I came for a cardboard riot, and left a bit disappointed. Although 2008 Bowman was live, and in ample supply (Hobbby: $60-$63; HTA: $89-$95), it wasn't selling. In fact, in my three hours at White Plains, I did not witness a single box sold nor did I see a single collector carrying around a purchased box. Maybe card collectors are starting to get hep to Bowman? Either that, or they all have my attorney on retainer.
It wasn't just the Bowman wax. The entire Westchester County Center was a morgue. The last show... The Hobbyists were packed into that place like a Tokyo subway car. Shit, there were so many dealer tables, they had 'em stacked up on the stage! This show... Nothing. No junkwax. No loose packs to review on APAD. No, nothing.
Then again, it probably wasn't a smart idea to schedule the show during the first weekend of Interleague Play. In these parts, The Subway Series is a far, far better thing than the Super Bowl, the Kentucky Derby, and the Lower Oakland Roller Derby Finals all rolled into one. The White Plains show attracts a very special breed, and they were either out at Yankee Stadium, or home watching the game on TV.
I began wandering the aisle looking for something to bust. Leftover boxes of Topps Moments and Milestones for only $69. (Now with a complementary layer of dust!) A box of 2001 Bowman Chrome for $600. Some poor sap is probably dumb enough to buy that box, and he'll probably pull that Albert Pujols redemption card. Sucker. Monster box after monster box of commons and cheap inserts. I looked at those monster boxes and began to think. How would Jefferson Burdick handle the situation?

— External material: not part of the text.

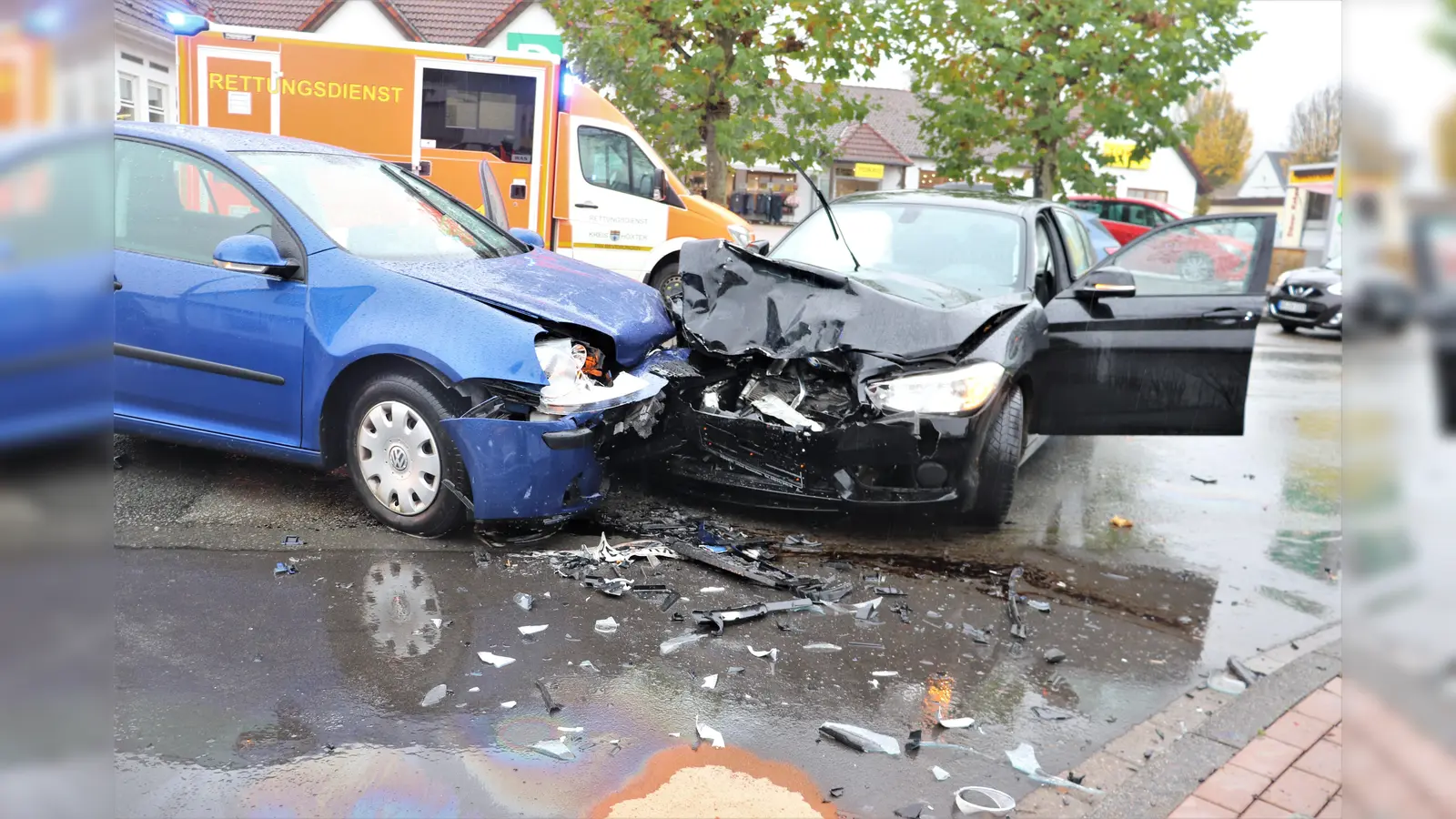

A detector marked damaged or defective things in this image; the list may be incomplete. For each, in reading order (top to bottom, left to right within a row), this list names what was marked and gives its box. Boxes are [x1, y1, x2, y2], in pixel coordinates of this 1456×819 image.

Panic. It crept up my spine like the first rising vibes of a wax frenzy. All these horrible realities began to dawn on me: Here I was all alone in White Plains, completely twisted and in need of a wax fix, with no attorney, not much cash, and no wax riot story for the blog. How would Jefferson Burdick handle the situation? Shit! I'm not even sure ol' Jeff could handle this.
I wound up purchasing a stack of 2004 Topps Heritage SPs interspersed with 2007 Fleer and Topps Heritage commons for $80. I also spent $40 on a stack of over 50 inserts from a dollar box -- ranging from 1994-2007. I was able to pull a 2001 Roy Oswalt Rookie Diamond King, so I can add that to the 2K1 D'Russ blog.
All in all, a pretty disappointing show.